DATA SUPPLIED.
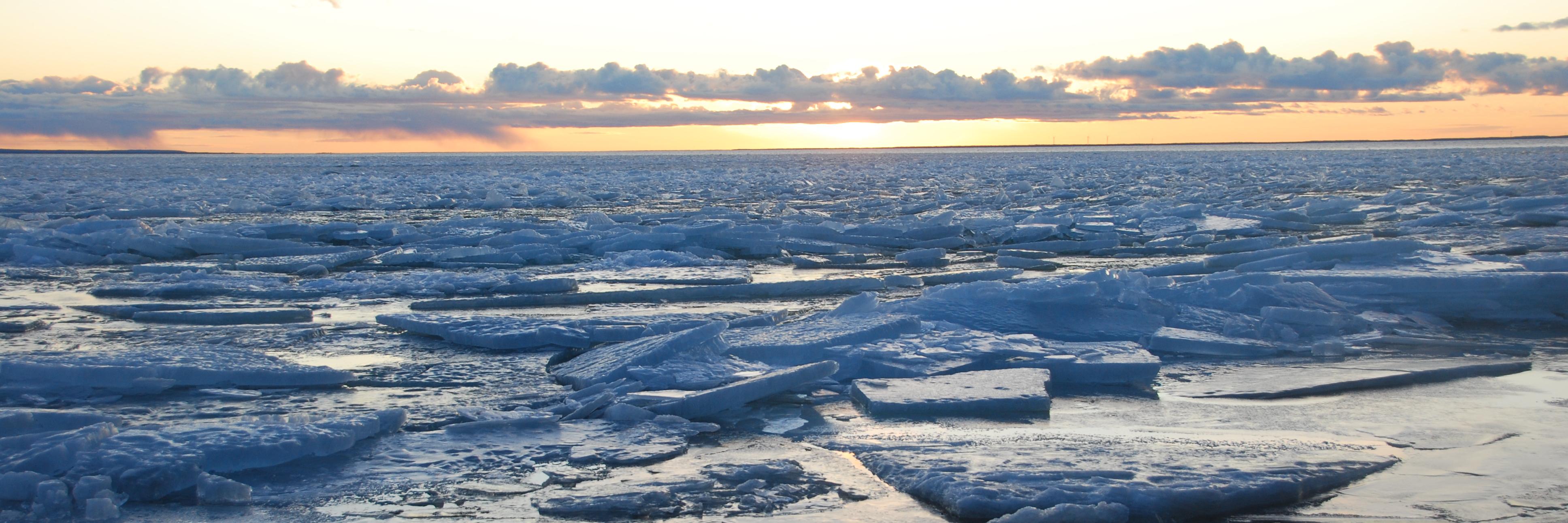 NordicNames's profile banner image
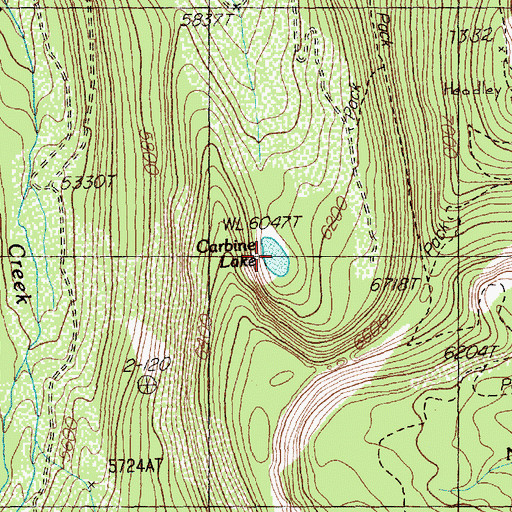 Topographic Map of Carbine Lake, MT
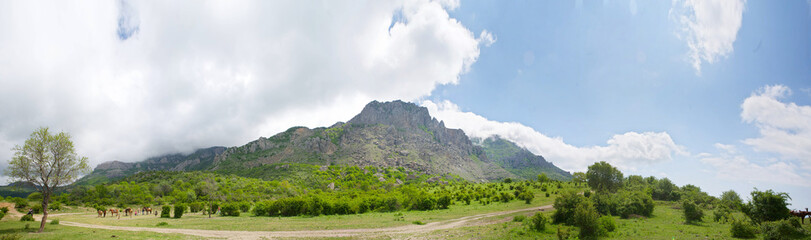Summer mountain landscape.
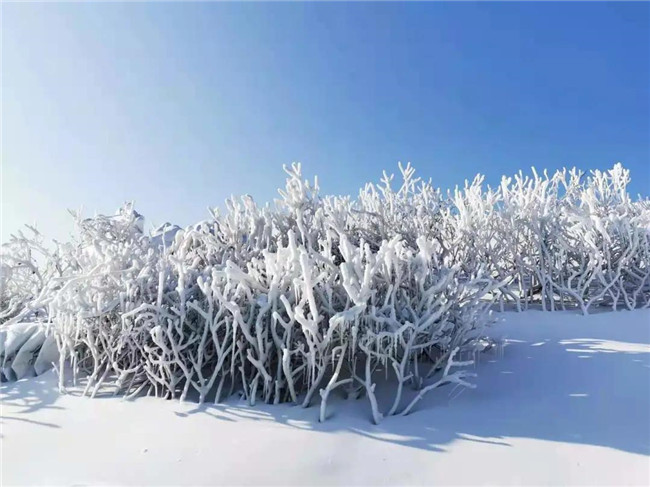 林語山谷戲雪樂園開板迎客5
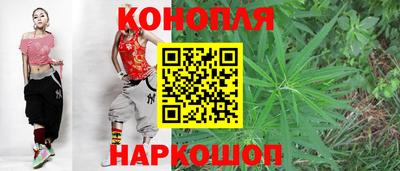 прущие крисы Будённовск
---
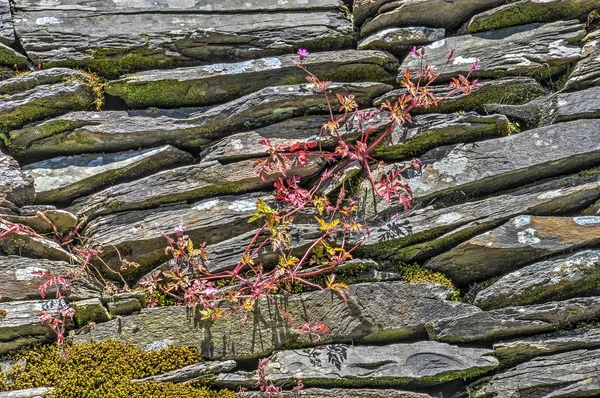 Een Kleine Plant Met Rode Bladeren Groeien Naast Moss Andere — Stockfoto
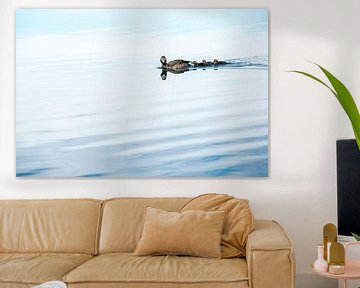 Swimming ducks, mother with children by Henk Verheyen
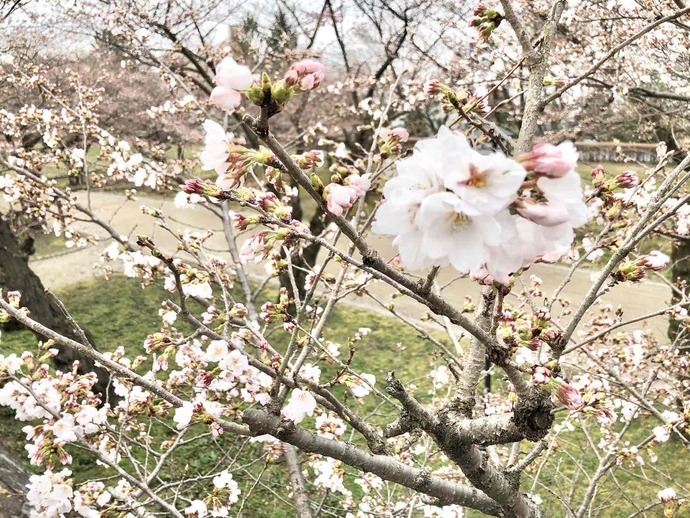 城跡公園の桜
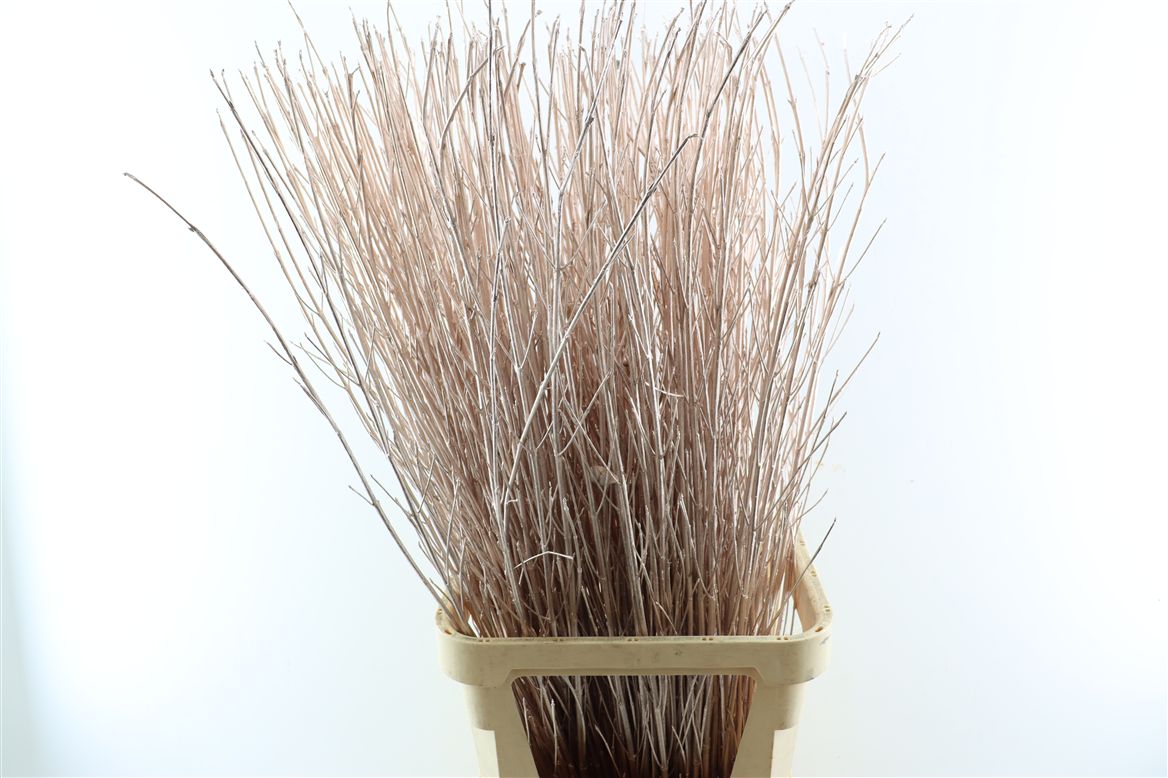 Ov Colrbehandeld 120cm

YOUR ASSIGNMENT. Output exactly those lines of the data above that run from the line with "Summer mountain landscape." up to and including the line with "прущие крисы Будённовск". No pictures go in.

ANSWER BELOW.
Summer mountain landscape.
 林語山谷戲雪樂園開板迎客5
 прущие крисы Будённовск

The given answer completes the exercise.